Let's Do It! India (LDII) is an International Environmental Organization founded by Pankaj Choudhary in 2016. It has more than 2.2 Million active volunteers all across the country. Let's Do It! India encourages people all across the world to participate in local, governmental, and international cleanup efforts. It is a section 8 non profit company registered under India's company's act with required 12A and 80G section.

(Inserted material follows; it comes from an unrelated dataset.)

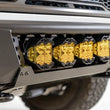 Load image into Gallery viewer, Addictive Desert Designs 17-20 Ford F-150 Raptor ADD PRO Bolt-On V2 Front Bumper - Back View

The organization works in the fields of education, environment, healthcare, human resource development, etc.

==Activities==
Let's Do It India is aiming to raise awareness of the many types of garbage. In 2020 the organization launched a campaign 'Pickup Cigarette Butts!' on World Cleanup Day. It encourages people to gather and send their used cigarette filters to the group for recycling.

In 2020, National Green Tribunal (India) has instructed the Central Pollution Control Board (CPCB) to develop rules for the disposal of bidi residues and cigarette butts. In the same year Let's Do It India started a campaign of collecting cigarette butts and bidi residues under the guidelines of Central Pollution Control Board. This movement is supported by the International organizations like UN-Habitat, United Nations Environment Programme and Earth Day Network. The organization collects tons of garbage on World Cleanup Day each year.

In 2022, a MoU was signed between Ministry of Water Resources, River Development and Ganga Rejuvenation and Let's Do It India.

With the help of more than 30,000 volunteers, the HCL Foundation and Let's Do It India organization held World Cleanup Day 2022 at Noida, India.